Source data Start Marker

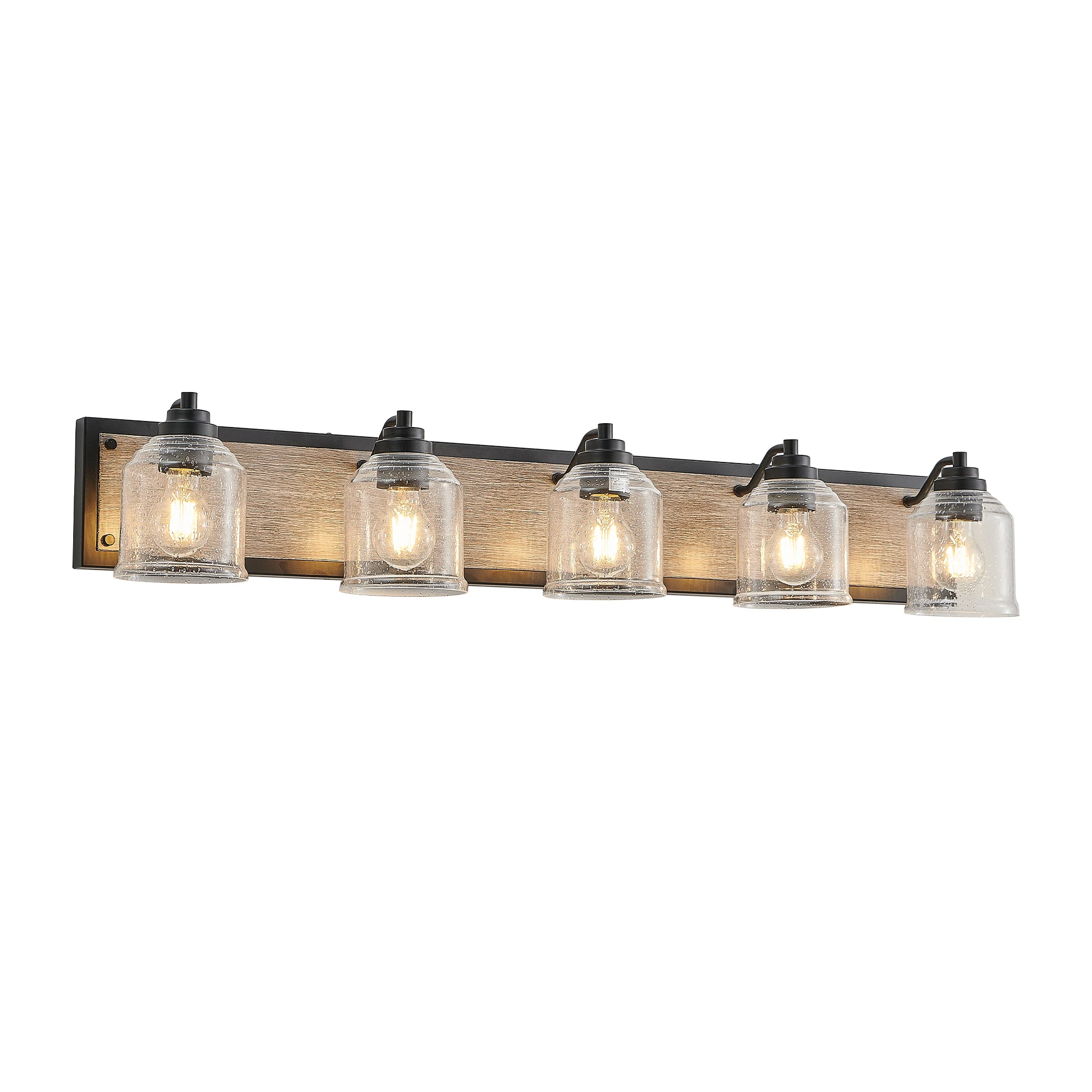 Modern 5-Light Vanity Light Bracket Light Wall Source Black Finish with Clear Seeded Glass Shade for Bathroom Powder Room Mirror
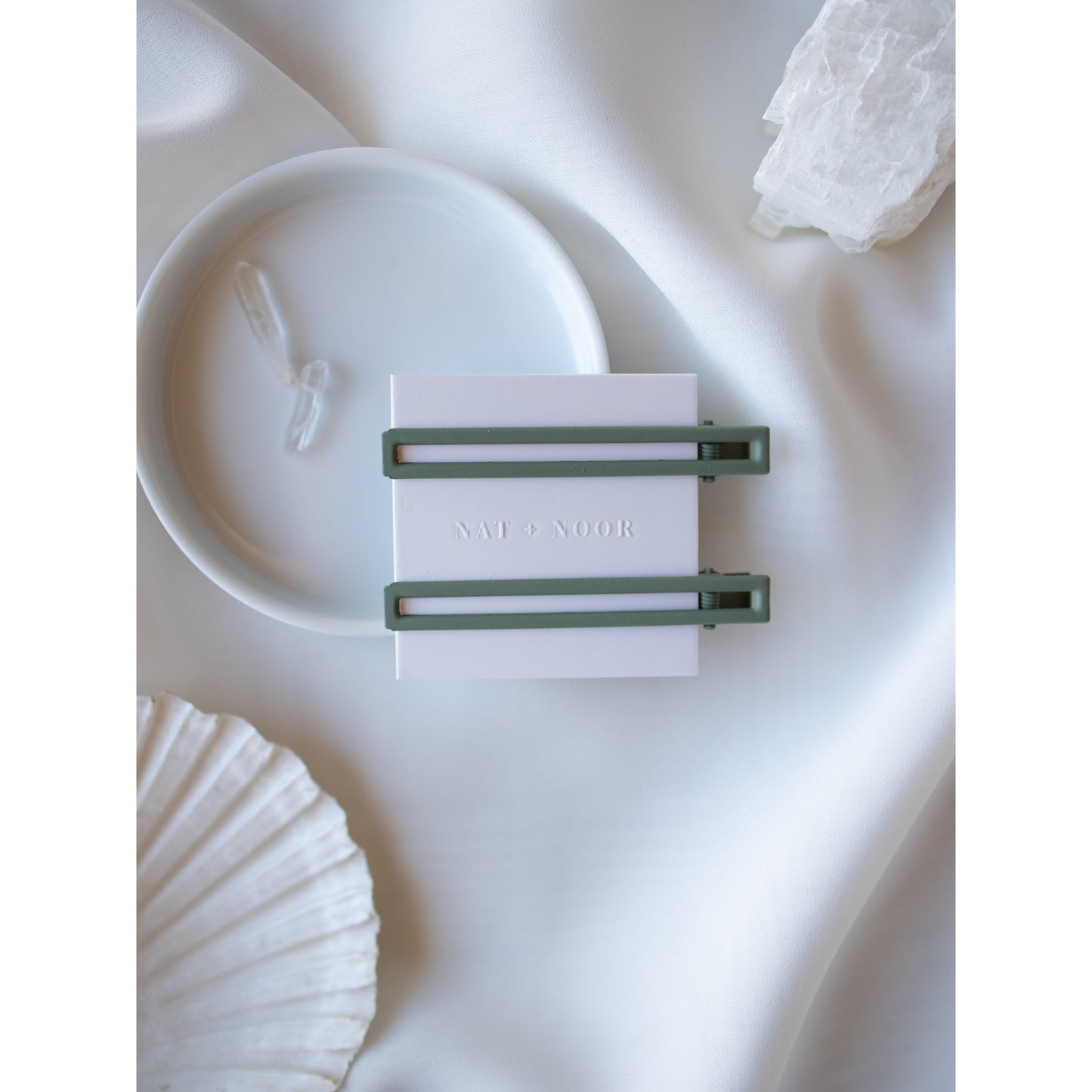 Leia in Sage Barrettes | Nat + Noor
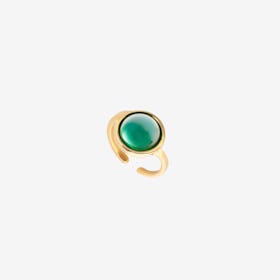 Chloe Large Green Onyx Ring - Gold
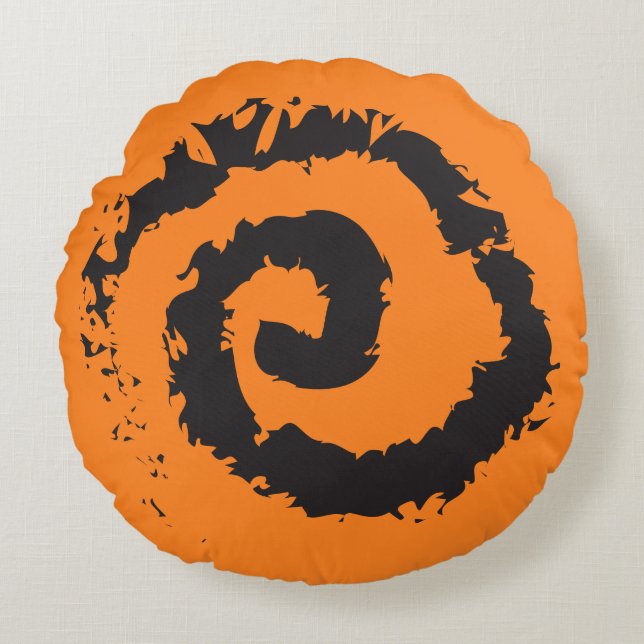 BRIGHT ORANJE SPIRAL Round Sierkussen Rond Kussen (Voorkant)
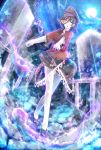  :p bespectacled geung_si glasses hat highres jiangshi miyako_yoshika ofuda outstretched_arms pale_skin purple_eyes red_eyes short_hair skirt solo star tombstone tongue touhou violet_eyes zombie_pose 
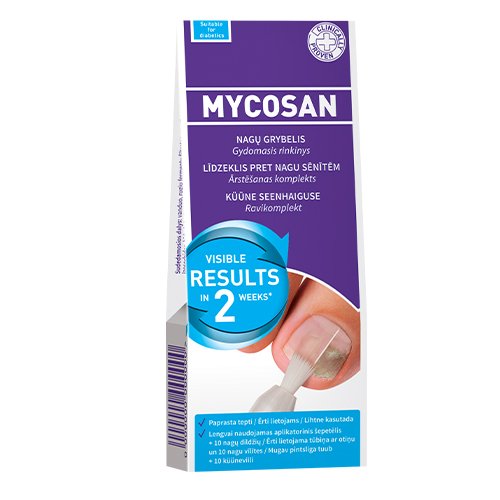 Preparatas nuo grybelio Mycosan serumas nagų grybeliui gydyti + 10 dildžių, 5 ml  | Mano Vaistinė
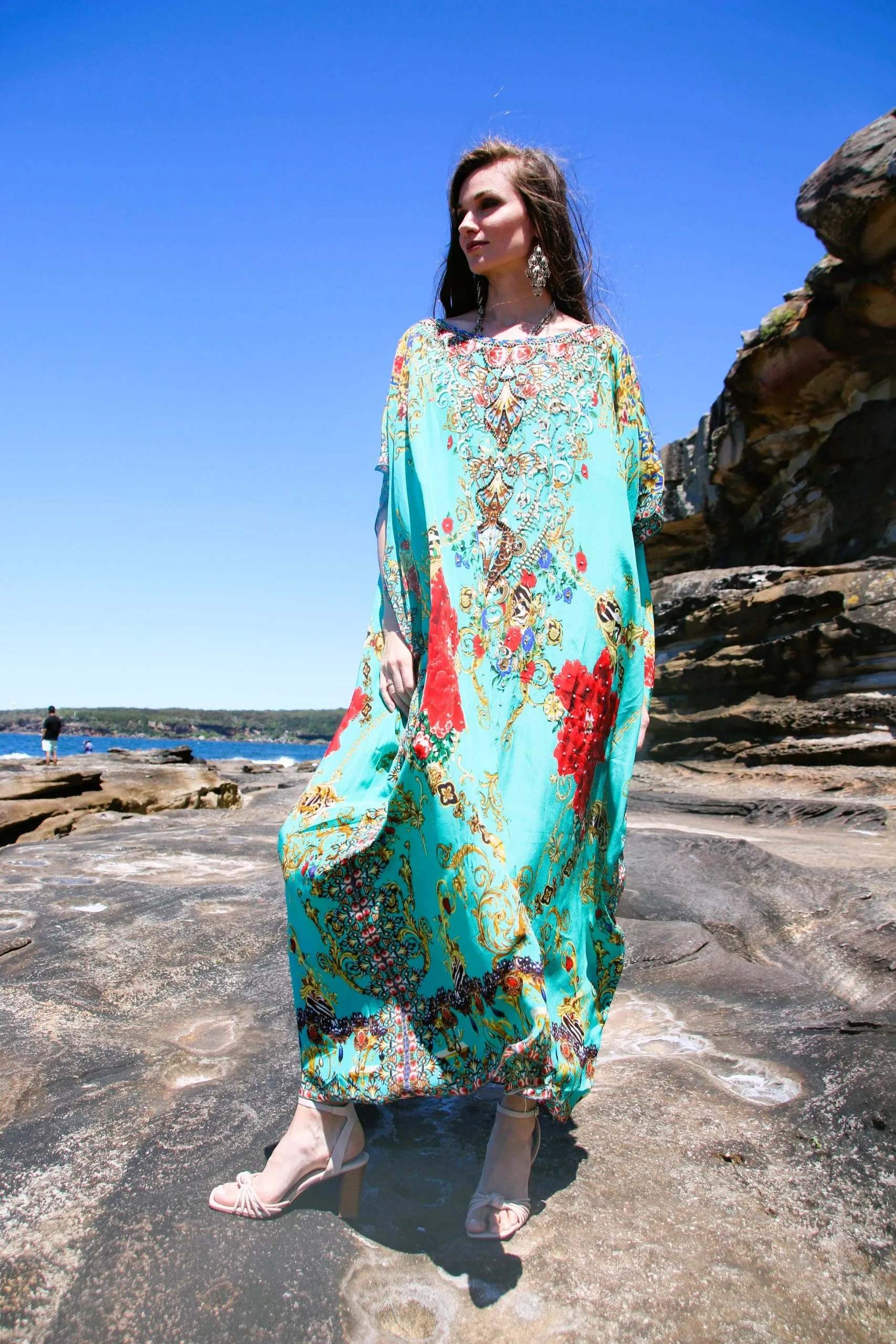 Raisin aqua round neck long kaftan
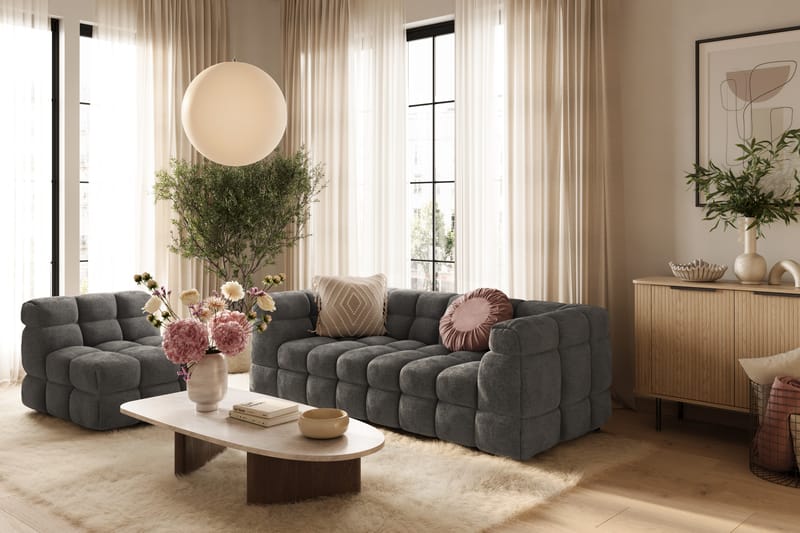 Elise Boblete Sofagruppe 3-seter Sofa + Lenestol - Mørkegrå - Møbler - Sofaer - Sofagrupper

Source data End Marker

Task description. When repeating the entries, leave out every picture and keep the rest exact.

Task output.
 Modern 5-Light Vanity Light Bracket Light Wall Source Black Finish with Clear Seeded Glass Shade for Bathroom Powder Room Mirror
 Leia in Sage Barrettes | Nat + Noor
 Chloe Large Green Onyx Ring - Gold
 BRIGHT ORANJE SPIRAL Round Sierkussen Rond Kussen (Voorkant)
  :p bespectacled geung_si glasses hat highres jiangshi miyako_yoshika ofuda outstretched_arms pale_skin purple_eyes red_eyes short_hair skirt solo star tombstone tongue touhou violet_eyes zombie_pose 
 Preparatas nuo grybelio Mycosan serumas nagų grybeliui gydyti + 10 dildžių, 5 ml  | Mano Vaistinė
 Raisin aqua round neck long kaftan
 Elise Boblete Sofagruppe 3-seter Sofa + Lenestol - Mørkegrå - Møbler - Sofaer - Sofagrupper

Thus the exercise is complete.